━━ Exercise material
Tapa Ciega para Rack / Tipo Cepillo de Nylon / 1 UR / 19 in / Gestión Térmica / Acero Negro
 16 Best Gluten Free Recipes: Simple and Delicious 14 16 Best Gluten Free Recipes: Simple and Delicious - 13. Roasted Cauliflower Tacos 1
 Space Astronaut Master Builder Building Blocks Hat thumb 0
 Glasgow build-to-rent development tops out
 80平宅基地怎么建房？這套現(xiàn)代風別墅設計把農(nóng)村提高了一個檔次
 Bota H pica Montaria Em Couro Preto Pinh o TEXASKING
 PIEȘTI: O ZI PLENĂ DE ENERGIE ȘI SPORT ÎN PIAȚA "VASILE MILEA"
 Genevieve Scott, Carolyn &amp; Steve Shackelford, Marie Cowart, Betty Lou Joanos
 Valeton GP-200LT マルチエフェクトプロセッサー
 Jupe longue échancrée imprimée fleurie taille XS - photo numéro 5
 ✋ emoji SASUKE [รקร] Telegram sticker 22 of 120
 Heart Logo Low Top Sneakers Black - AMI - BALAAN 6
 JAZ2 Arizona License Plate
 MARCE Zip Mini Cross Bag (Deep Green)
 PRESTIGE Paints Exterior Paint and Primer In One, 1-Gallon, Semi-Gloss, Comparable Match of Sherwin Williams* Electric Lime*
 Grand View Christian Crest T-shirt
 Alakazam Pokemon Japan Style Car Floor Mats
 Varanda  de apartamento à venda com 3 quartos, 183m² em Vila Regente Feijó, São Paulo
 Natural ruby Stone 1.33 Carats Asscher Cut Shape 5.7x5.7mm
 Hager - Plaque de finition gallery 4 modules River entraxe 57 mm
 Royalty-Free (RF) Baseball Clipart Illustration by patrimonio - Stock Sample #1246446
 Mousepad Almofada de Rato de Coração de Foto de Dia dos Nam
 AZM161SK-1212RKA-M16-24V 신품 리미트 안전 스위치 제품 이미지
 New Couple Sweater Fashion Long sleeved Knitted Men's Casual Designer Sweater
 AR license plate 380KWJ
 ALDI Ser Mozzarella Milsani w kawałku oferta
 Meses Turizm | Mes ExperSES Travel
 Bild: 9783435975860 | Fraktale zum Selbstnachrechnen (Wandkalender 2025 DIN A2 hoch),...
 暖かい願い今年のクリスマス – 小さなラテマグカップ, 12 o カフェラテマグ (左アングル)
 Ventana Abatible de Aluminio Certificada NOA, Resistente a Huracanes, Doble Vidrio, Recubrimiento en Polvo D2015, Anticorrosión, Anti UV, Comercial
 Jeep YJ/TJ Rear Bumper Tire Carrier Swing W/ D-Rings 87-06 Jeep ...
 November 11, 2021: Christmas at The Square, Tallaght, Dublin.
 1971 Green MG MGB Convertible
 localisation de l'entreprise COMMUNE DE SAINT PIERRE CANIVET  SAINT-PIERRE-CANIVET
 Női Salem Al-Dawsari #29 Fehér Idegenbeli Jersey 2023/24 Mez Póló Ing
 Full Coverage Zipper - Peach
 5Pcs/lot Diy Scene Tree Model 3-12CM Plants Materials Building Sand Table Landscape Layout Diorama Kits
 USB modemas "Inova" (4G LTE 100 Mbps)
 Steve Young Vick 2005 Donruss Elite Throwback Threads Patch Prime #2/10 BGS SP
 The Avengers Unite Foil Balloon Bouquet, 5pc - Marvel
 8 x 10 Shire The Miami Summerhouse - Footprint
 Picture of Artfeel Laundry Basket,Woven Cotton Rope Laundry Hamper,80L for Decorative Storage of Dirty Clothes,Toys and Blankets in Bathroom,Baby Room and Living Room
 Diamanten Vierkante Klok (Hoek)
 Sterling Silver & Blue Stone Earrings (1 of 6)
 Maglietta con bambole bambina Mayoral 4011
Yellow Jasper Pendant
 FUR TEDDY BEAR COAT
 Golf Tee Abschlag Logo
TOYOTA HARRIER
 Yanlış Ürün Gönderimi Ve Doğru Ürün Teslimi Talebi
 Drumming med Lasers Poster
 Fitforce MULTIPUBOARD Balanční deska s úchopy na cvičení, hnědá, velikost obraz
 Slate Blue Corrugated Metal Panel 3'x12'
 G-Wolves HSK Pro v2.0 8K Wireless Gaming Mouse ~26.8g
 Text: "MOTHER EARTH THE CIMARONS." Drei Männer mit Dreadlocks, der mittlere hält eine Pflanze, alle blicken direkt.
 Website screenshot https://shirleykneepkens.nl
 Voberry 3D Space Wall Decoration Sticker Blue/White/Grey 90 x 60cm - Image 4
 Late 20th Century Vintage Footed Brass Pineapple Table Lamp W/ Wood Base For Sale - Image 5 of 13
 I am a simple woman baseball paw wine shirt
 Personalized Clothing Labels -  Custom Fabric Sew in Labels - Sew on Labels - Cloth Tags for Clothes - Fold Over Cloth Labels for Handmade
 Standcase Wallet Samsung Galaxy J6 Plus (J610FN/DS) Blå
━━━━
Problem description >>
Beginning at the line above with "Hager - Plaque" and finishing at the line with "暖かい願い今年のクリスマス – 小さなラテマグカップ, 12", return each line exactly and return nothing else.

Task answer >>
 Hager - Plaque de finition gallery 4 modules River entraxe 57 mm
 Royalty-Free (RF) Baseball Clipart Illustration by patrimonio - Stock Sample #1246446
 Mousepad Almofada de Rato de Coração de Foto de Dia dos Nam
 AZM161SK-1212RKA-M16-24V 신품 리미트 안전 스위치 제품 이미지
 New Couple Sweater Fashion Long sleeved Knitted Men's Casual Designer Sweater
 AR license plate 380KWJ
 ALDI Ser Mozzarella Milsani w kawałku oferta
 Meses Turizm | Mes ExperSES Travel
 Bild: 9783435975860 | Fraktale zum Selbstnachrechnen (Wandkalender 2025 DIN A2 hoch),...
 暖かい願い今年のクリスマス – 小さなラテマグカップ, 12 o カフェラテマグ (左アングル)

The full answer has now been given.